Aynı şekilde isim ile alakalı olarak da müspet ve menfi yaklaşımlar oldu.
Toplum son dönemde kavgacı ve ayrıştırıcı bir karakter yapısına evrildiği için dönem dönem fikirlerim doğru anlaşılamıyor.
Bir kişinin belirli bir özelliğine atıfta bulunarak yaptığımız övgü onu mutlak güzel insan haline sokmayacağı gibi, memnun olmadığımız bir özelliğini zikretmemiz de düşmanı olduğumuz anlamına gelmez.
İnsan ; iyiyi kötüden, adaleti zulümden, faydalıyı zararlıdan, güzeli çirkenden ayırabildiği oranda insandır.
Bu hasletler kişide azaldıkça insanlıktan da o oranda uzaklaşmış demektir.
Konuya dönecek olursak ;
Benim AK Parti’ye ve fikriyatına bakış açım herkesin malumudur. Aynı zamanda siyasi iddiam odur ki bu yönetim biçimi ile ne Türkiye’nin ne de İnegöl’ün doğru yönetilmesi mümkün değildir. Ancak birey bazında, insani ilişkiler düzleminde diyaloglarım elbette devam edecektir.
Şu örnek konuyu anlamak için açıklayıcı olacaktır diye umut ediyorum.
Son belediye seçimlerinde Ak Partiden bir çok aday adayı ortaya çıktı.
Aday adaylarından Bülent Temelli ile dostluğumuz çok eskiye dayanır, kendisinden bu güne kadar en ufak bir zarar görmüş değilim. Koyu bir reisçi olduğunu bilirim. Hiç birbirimizi kırdığımızı bilmem.
Yavuz Uğurdağ, yıllara dayanan dostluğum vardır. Bir çok konuda fikir alışverişimiz olmuştur. Ticaret odasında birlikte yol yürüdük.
Rıdvan Kocaağa, yıllara dayılı dostluğumuzda Süper Kanal zamanında çok ekmeğini yedik, araçlarımızın sigortasını yaptırdık. En ufak sürtüşmemiz olmadı.
Nedim Bayram, kendisi amcaoğlum olur. Hep güzel günler geçirdik.
Mahsunu Canbay, özellikle İHH başkanı olduğum dönemde hep iyiliklerine şahit oldum.
Sedat Öpçiner, yıllarca beraber siyaset yaptık.
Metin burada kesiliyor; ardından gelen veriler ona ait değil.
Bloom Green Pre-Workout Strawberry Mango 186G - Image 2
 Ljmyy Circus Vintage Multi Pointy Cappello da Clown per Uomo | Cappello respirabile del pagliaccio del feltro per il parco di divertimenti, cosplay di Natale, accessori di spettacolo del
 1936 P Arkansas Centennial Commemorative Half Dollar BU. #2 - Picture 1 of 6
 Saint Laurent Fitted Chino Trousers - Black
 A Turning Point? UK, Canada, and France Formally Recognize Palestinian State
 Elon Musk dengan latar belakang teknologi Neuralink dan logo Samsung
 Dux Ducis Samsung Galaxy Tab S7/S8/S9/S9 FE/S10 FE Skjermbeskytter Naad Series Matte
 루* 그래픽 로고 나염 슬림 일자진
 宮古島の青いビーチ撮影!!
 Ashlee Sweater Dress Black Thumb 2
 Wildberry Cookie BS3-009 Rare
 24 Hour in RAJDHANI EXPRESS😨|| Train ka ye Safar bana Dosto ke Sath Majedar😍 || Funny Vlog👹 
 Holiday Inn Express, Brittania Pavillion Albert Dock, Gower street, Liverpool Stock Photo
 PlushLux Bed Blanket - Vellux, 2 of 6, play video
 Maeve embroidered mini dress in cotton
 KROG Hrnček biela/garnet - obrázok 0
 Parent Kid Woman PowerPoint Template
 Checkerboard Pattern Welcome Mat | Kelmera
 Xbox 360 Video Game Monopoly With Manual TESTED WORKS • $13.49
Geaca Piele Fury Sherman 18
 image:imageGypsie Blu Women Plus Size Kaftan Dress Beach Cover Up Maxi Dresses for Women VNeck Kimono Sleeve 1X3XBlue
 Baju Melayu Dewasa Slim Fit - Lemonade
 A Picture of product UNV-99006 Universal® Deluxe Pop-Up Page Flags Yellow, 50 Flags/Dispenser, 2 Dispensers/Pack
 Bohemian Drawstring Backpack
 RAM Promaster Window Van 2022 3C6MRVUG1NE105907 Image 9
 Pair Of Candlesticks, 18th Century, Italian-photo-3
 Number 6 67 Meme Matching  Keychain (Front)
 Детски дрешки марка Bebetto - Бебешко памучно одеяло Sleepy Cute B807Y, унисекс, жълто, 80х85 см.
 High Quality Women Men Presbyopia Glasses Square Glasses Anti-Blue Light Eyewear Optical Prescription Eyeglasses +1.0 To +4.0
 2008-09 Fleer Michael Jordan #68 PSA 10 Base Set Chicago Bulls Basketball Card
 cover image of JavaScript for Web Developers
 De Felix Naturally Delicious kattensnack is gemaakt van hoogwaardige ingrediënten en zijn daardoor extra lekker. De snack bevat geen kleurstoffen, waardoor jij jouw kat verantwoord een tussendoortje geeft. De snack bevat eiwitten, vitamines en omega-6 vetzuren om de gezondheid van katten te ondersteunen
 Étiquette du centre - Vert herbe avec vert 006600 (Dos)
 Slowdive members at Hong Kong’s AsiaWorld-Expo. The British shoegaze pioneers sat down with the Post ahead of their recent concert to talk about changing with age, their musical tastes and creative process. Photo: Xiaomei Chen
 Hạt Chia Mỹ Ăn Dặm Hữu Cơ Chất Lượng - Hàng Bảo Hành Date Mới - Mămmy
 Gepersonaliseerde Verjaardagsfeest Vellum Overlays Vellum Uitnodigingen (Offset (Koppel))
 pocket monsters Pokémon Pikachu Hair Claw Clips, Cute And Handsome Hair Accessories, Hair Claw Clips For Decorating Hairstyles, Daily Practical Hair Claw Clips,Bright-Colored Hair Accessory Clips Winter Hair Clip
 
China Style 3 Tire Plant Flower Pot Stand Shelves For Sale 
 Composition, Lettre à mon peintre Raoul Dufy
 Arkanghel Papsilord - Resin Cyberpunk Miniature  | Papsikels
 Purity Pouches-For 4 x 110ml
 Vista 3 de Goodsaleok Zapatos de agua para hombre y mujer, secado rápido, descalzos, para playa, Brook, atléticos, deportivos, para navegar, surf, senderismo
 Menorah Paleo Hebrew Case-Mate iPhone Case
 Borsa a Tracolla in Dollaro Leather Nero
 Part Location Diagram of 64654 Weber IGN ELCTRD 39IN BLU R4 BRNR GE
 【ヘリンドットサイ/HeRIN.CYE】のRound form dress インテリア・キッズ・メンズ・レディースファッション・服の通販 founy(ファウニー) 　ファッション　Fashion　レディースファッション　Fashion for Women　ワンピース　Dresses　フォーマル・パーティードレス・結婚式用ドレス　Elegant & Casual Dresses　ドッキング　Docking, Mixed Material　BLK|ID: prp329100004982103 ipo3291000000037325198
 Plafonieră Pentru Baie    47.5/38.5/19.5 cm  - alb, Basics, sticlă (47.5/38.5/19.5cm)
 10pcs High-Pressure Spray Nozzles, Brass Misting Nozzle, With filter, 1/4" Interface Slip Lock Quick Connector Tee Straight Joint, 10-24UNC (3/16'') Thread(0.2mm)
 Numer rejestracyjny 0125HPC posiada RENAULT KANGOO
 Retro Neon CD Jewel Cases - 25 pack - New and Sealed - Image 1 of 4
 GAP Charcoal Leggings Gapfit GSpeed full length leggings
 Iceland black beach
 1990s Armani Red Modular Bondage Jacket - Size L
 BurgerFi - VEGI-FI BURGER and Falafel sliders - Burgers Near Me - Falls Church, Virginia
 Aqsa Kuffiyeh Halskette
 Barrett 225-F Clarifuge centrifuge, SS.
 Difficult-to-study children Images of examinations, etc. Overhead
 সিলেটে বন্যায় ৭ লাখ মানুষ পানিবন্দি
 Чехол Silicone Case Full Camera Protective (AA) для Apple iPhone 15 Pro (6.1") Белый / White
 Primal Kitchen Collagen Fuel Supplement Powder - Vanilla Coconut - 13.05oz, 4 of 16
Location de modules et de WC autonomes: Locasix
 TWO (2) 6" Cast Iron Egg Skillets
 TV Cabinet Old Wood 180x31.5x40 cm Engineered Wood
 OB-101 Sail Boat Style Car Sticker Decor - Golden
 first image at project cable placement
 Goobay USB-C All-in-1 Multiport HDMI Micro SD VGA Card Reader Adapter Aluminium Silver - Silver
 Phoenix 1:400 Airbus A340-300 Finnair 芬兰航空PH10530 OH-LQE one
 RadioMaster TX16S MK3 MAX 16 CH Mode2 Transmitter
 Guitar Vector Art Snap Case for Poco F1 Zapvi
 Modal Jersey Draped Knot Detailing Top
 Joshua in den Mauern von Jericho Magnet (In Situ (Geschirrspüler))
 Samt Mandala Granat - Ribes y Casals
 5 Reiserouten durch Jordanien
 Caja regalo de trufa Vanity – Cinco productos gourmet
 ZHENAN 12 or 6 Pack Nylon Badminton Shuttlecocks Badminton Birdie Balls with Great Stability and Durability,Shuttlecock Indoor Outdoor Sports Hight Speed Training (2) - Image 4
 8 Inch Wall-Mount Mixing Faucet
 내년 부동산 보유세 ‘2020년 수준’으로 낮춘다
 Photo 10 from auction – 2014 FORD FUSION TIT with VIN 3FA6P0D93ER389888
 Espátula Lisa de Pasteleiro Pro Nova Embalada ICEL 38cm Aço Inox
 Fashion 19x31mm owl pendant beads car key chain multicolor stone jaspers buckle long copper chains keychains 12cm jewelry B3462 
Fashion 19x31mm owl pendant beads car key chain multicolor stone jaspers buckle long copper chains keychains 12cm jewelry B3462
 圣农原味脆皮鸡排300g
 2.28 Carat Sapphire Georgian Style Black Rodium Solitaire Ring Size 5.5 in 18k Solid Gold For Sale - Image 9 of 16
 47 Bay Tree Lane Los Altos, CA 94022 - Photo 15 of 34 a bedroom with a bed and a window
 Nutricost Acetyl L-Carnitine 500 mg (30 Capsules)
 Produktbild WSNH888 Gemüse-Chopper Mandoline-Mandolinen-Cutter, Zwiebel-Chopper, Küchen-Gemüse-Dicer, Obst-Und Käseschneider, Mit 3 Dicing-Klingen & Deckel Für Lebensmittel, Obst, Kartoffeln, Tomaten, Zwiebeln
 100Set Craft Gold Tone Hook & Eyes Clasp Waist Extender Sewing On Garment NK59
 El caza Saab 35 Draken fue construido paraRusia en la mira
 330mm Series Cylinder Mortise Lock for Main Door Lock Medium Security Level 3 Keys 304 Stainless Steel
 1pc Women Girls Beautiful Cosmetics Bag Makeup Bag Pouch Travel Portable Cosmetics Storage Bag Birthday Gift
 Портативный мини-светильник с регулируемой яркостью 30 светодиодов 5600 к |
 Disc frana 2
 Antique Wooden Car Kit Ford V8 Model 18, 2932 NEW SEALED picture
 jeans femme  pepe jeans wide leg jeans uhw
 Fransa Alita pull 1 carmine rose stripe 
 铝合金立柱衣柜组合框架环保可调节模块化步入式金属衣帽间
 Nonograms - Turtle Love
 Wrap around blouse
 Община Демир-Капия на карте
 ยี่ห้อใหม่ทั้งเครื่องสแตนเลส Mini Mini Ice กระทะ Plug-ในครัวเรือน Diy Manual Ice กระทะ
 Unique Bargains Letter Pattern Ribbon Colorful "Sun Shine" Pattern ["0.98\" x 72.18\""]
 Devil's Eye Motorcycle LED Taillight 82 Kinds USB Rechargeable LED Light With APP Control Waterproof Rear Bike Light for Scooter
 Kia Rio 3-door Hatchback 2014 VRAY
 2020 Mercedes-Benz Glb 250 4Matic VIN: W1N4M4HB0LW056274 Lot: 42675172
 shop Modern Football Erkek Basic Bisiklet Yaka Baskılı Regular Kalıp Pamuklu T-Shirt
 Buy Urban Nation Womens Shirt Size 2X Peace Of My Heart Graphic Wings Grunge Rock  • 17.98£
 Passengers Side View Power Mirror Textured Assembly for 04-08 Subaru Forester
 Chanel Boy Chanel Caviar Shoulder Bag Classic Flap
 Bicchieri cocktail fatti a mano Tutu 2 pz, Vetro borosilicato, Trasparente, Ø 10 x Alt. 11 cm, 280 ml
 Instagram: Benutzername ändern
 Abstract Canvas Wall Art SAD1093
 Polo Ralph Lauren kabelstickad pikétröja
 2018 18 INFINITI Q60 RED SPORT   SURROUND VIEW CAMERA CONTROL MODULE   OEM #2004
On numara bir kardeşimizdir.
İsmail Kösen, cemiyetçiliğinden tanırım. Hep iyi anılarım var.
Sonuçta ayrı siyasi söylemlere sahibiz ama birçok ortak paydamız var. Yeri geldiğinde her birini öveceğimiz, yeri geldiğinde eleştirel söylemlerle ikaz edeceğimiz abilerimiz, kardeşlerimiz, arkadaşlarımız.